En abril de 1999, poco después de la muerte de Adolfo Bioy Casares, Daniel Martino anunció la edición final de Borges, un diario que registra cincuenta años de complicidad humana e intelectual y la materialización de un deseo biográfico, muy cerca del registro sostenido de Boswell. Según cuenta una nota de Hugo Beccacece, el manuscrito suscitó, con razón, la atención de varios sellos: «Un directivo de una poderosa editorial local, que ya recibió una copia y la leyó, le comentó a sus colaboradores: “¡Este material es dinamita!”». Es imposible no pensar en la voz de Chitarroni, cultor de una prosodia refinada y picaresca, por ese entonces director de Sudamericana. De hecho, cuenta que la primera vez que leyó Borges fue en el estudio jurídico que custodiaba el brío del material inédito, una dimensión desconocida para alguien tan conectado con la sinestesia biográfica. El libro salió a la luz recién siete años —o seis presidencias argentinas— después, y automáticamente Chitarroni se convirtió en un reivindicador: «hay una [manera] de leerlo que es casi peor que las de no leerlo: la que acata el aviso sombrío de una colonia de opiniones sin vuelo», escribió en Página/12.

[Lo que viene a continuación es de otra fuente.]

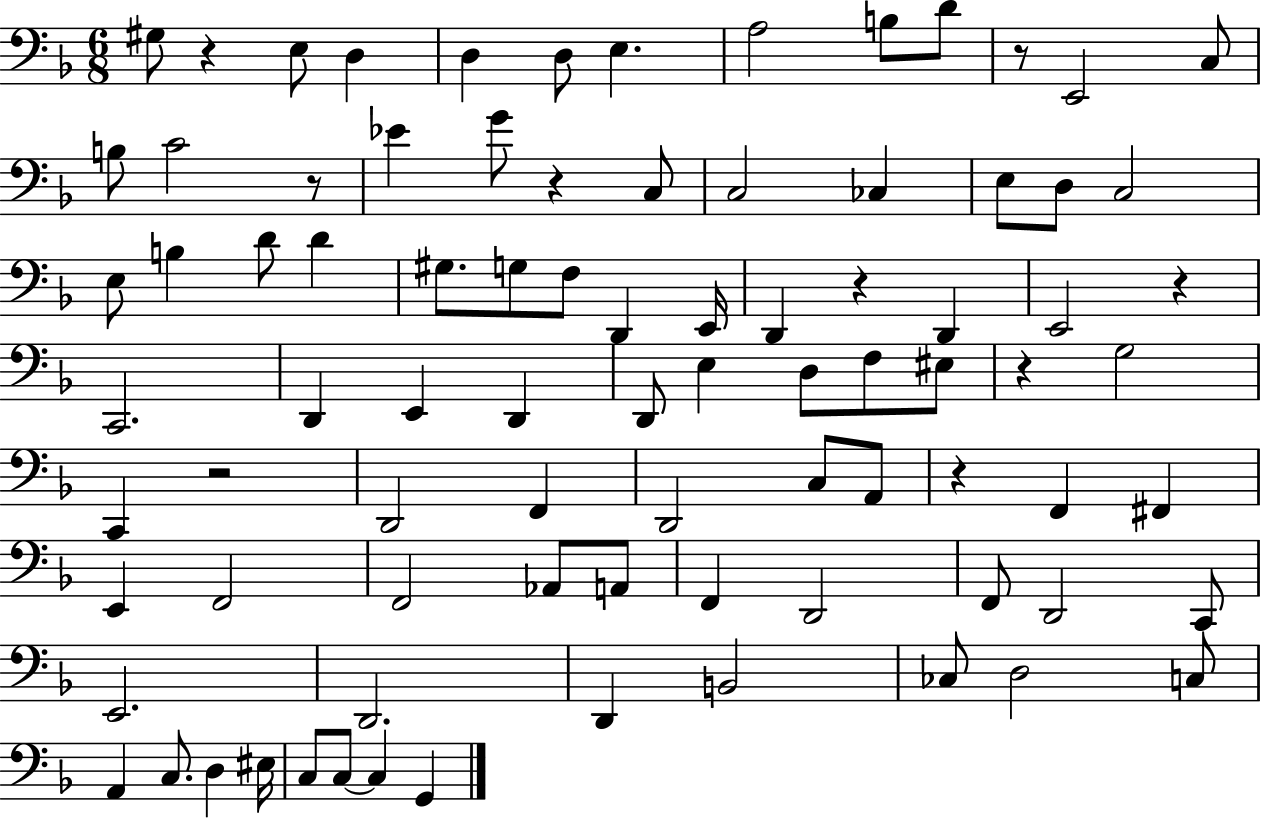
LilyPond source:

Edgardo Scott, encargado de la laboriosa tarea de reunir los papeles dispersos, acierta en presentar a Chitarroni como poeta, un gesto atípico en los contemporáneos que vindicaron su faceta como editor, un exquisito sumido en las potencialidades de la literatura, en tanto «sistema de relaciones en movimiento, que mutan y se desplazan». Tal vez se apresura en pensar que hay poca tradición diarística en Argentina, pero es cierto que el Borges es un artefacto peculiar poco valorado —al decir de LC—, que exclama una pronta reedición.

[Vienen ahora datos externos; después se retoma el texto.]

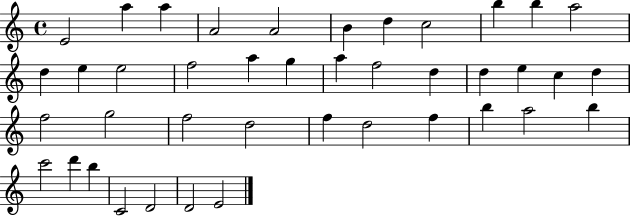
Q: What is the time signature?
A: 4/4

Chitarroni no busca encontrar sistemas sino más bien cartografiar constelaciones de obras desde una mirada disyecta y un espíritu curioso, cimentado en la consulta intemporal y detallada de revistas —London Review of Books, Times Literary Supplement— y por la predilección de temas perdidos y vidas pormenorizadas. El espíritu de Borges, su presencia ubicua, no lo cercena; más bien lo expande: vale pensar en su primer libro Siluetas (1992), donde resuena la apuesta por las biografías breves; en sus cursos alrededor de la huella en la literatura latinoamericana, y en el modo en que desglosa al personaje que aparece en las notaciones de Bioy: «Borges va a cambiar el sistema de valores y hasta la hagiografía de la literatura», escribe.

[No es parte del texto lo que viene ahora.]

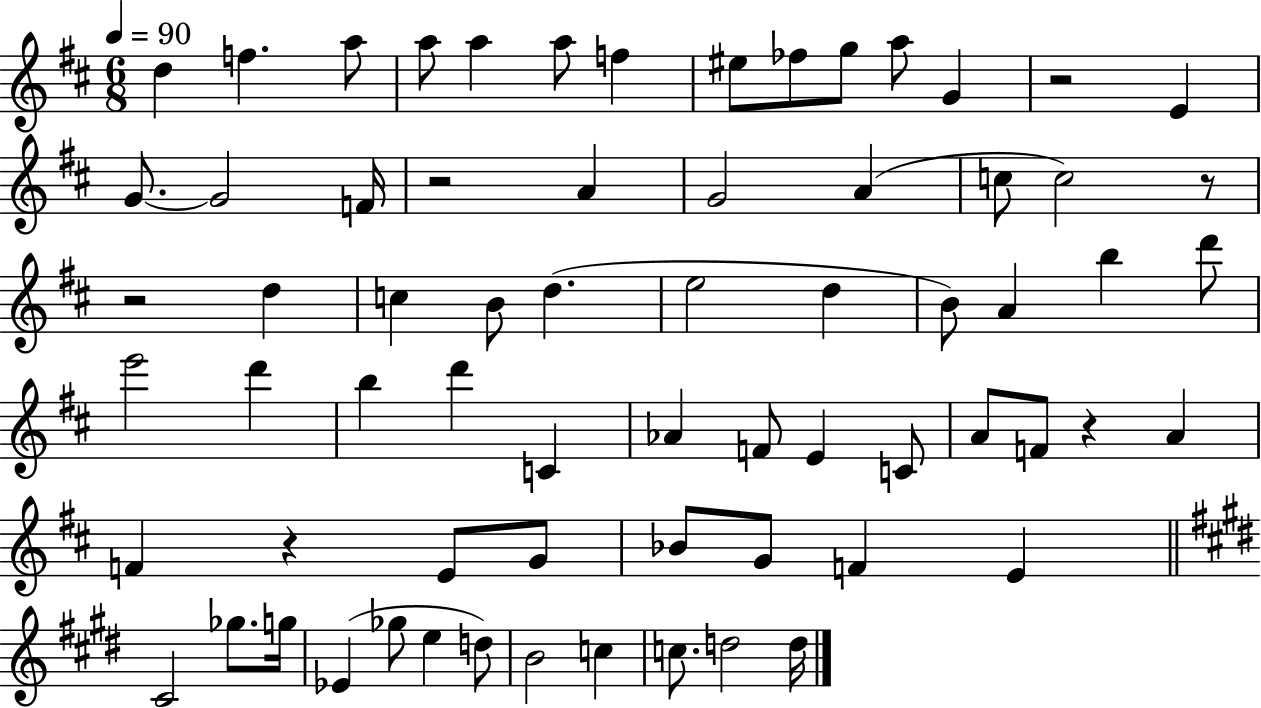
{
  \clef treble
  \numericTimeSignature
  \time 6/8
  \key d \major
  \tempo 4 = 90
  \repeat volta 2 { d''4 f''4. a''8 | a''8 a''4 a''8 f''4 | eis''8 fes''8 g''8 a''8 g'4 | r2 e'4 | \break g'8.~~ g'2 f'16 | r2 a'4 | g'2 a'4( | c''8 c''2) r8 | \break r2 d''4 | c''4 b'8 d''4.( | e''2 d''4 | b'8) a'4 b''4 d'''8 | \break e'''2 d'''4 | b''4 d'''4 c'4 | aes'4 f'8 e'4 c'8 | a'8 f'8 r4 a'4 | \break f'4 r4 e'8 g'8 | bes'8 g'8 f'4 e'4 | \bar "||" \break \key e \major cis'2 ges''8. g''16 | ees'4( ges''8 e''4 d''8) | b'2 c''4 | c''8. d''2 d''16 | \break } \bar "|."
}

El montaje expone las fichas de un comentador riguroso pero apegado a las digresiones y las interrupciones. Sumergirse en la exquisitez de su prosa exige abrazar los datos circunstanciales —típicamente borgeanos— y pasar por alto que en muchos pasajes el objeto —el diario en sí— se desintegre y vire hacia las misceláneas de materiales varios (se divierte con las diversas facetas de la calumnia en los personajes), los apuntes de un fuera de campo (como los personajes satelitales como Wilcock), su propio museo del chisme (se pregunta por quién es el padre de Bioy) e imagina distintas faltas en las anotaciones (hubiera querido saber qué sintió Borges al corregir el libro de su padre). Aun algunos ripios, el volumen atestigua la minuciosidad de una máquina lectora capaz de reverenciar a su maestro, pero con la suficiente soltura para poder preguntarle cosas. Con ese espíritu muestra un hallazgo: «El gran viajero y crítico inglés J. A. Cuddon, cuyo Diccionario de la literatura y términos literarios es uno de los más precisos y completos en este campo, incorpora en la entrada a la palabra «Ficción» la firma de Borges. Es algo así como la firma de Giotto en los cuadros del Renacimiento». Así como Brodsky dijo que Auden era el único que podía usar el diccionario para sentarse, Chitarroni es uno de los pocos capaz de hacer de un recodo un universo entero.